Astrophotography can yield some amazing results even when working with a simple point-and-shoot camera. It helps, however, to know how to reduce the noise that inevitably comes with night photography by stacking multiple exposures. Photoshop’s Auto-Align Layers feature generally does a great job, but when it doesn’t work you’ll need to do it manually. Sound daunting? It’s not as bad as it sounds. Check out this tutorial from astrophotographer Ian Norman:
Image stacking is sort of magical for getting a whole lot more detail in the final image with a lot less noise. Basically, the more exposures you take, the more information is available and the greater your ability to reduce noise (Norman suggests 8 exposures). Photoshop’s auto-align will normally line up your exposures for you with next to no hassle, but occasionally you’ll end up with a blurry result like the one below:
This can happen when there is more than one element competing for Photoshop’s attention or when you’re using a lens that has a fair amount of distortion. In the example Norman is using, there are clouds moving in one direction while the stars and the earth’s rotation are moving the other way. This makes it hard for Photoshop to choose. As a result, Norman has come up with a fairly pain free way to stack exposures by hand using the smart object median stack mode. (This feature is only available in PS6 extended and CC, so if you’re using a previous version you’ll need to average them as layers instead.)

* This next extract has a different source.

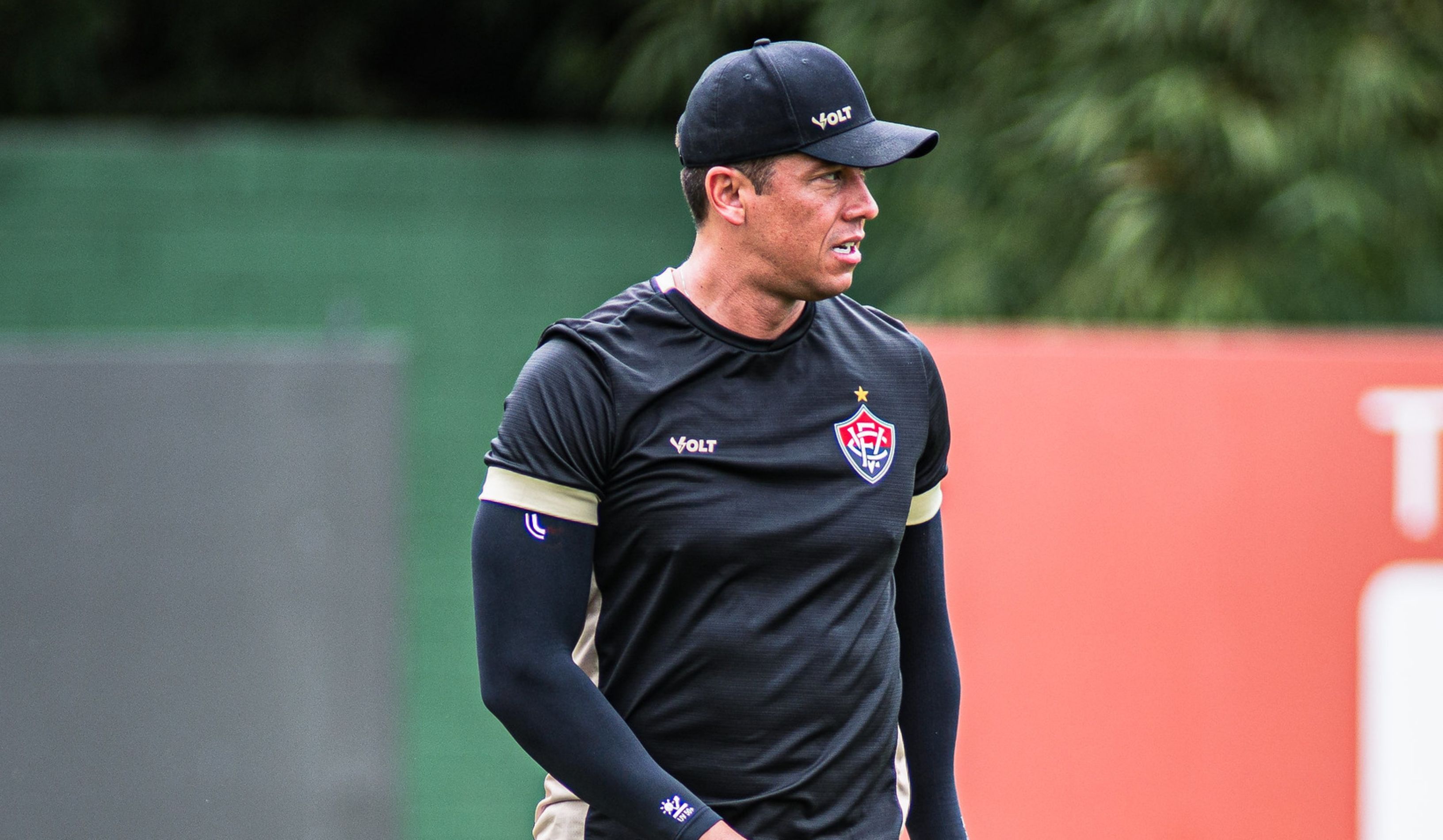 Escalação do Vitória: Carpini define time com mudanças para estreia na Copa do Nordeste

The technique? Use the “difference” blending mode to highlight the differences between the images and use free transform to line the larger discrepancies up and warp to line up the smaller ones.
Norman starts by checking the center of the image (above) before zooming in to check each of the corners (below).
Afterwards he converts the exposures into a smart object and stacks them with the median function. This, combined with a separate median stack for the foreground gives him a beautifully lined up image. Return to Lightroom and reduce the noise, and voilá, an infinitely more detailed image with much less noise. Ingenious!
And even better, this shot was taken on a Sony RX100III point and shoot! How cool is that?